A New Era in Diabetes Care: Once-Weekly Insulin Icodec

Imagine telling a person with type 2  on daily injections:
“Instead of taking your basal insulin every day, you only need it once a week.”

That future is no longer theoretical.

With the development and FDA approvals of insulin icodec for people with type 2 diabetes, we are entering a new era of diabetes care—one that prioritizes simplicity, adherence, and person-centered innovation.

What Is Insulin Icodec?

Insulin icodec (brand name Awiqli®) is the first once-weekly basal insulin analog designed to provide steady glucose control over 7 days with a single injection.

Unlike traditional basal insulins, icodec is engineered to:

  • Bind to albumin in the bloodstream, creating a circulating depot
  • Release insulin slowly over the course of a week
  • Maintain stable basal insulin levels with fewer peaks and troughs

This innovation reduces injections from 365 per year to just 52, a meaningful shift for many people living with diabetes.
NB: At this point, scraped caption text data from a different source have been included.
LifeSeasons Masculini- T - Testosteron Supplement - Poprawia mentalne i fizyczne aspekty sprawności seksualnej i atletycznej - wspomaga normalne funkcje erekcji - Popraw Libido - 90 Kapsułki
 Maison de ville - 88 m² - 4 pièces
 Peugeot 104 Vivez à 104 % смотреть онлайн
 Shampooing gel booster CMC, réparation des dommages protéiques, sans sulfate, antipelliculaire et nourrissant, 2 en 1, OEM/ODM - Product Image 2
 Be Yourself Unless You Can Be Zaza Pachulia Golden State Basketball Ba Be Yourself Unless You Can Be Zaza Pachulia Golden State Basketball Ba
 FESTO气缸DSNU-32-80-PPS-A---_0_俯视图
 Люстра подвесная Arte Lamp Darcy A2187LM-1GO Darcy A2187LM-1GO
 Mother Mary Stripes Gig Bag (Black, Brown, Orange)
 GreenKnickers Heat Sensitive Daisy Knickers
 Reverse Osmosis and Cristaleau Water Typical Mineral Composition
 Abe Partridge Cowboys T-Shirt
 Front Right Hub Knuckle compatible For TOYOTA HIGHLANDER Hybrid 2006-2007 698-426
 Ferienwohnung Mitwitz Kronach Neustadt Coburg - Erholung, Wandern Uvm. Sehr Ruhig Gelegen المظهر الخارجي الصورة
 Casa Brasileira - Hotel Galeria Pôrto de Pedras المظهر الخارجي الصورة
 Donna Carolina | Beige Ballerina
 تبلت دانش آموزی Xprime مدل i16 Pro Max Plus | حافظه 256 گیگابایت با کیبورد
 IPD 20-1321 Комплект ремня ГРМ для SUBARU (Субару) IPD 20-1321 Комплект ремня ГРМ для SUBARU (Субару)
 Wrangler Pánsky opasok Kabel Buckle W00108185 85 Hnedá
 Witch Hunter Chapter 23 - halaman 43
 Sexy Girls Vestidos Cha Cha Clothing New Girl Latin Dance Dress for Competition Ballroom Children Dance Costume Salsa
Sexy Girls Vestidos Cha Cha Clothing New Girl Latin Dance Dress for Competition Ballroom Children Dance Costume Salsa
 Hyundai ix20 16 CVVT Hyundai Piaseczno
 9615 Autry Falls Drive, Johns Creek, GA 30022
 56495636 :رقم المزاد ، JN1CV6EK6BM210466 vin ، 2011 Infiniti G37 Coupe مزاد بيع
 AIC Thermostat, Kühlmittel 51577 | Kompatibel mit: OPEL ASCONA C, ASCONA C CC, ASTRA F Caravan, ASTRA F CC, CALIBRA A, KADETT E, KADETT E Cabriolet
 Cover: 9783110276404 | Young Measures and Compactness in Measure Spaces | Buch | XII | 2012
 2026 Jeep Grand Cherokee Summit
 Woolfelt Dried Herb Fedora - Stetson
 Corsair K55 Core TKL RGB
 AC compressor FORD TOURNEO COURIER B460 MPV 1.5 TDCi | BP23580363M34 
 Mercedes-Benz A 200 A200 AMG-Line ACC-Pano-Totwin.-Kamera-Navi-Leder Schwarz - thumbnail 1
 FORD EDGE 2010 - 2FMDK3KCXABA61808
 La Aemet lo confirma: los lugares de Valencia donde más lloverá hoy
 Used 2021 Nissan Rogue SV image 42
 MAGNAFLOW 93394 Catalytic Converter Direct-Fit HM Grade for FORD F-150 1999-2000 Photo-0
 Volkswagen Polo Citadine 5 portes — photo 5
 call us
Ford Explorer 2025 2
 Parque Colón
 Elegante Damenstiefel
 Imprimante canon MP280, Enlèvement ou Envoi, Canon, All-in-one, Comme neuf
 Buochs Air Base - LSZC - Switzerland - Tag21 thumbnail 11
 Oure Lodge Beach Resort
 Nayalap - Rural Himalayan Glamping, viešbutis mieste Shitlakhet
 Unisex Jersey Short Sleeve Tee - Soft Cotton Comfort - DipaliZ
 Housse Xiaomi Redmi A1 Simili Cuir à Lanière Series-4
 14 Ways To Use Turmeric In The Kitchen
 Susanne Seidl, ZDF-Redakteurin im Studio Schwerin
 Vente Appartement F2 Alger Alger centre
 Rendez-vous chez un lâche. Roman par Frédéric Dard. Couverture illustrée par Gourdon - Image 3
Pharmacology Spotlight: Why Insulin Icodec Is Unique

Insulin icodec represents a significant pharmacologic advancement as a once-weekly, ultra–long-acting basal insulin formulated at U-700 concentration (700 units/mL).

This high-concentration formulation allows delivery of a full week’s basal insulin in a single injection while maintaining a manageable injection volume.

Structurally, icodec is designed with strong, reversible albumin binding, creating a circulating depot that slowly releases insulin over approximately 7 days. It has a half-life of about one week, reaching steady state after several weekly doses, which supports consistent basal coverage with minimal peak-to-trough variability.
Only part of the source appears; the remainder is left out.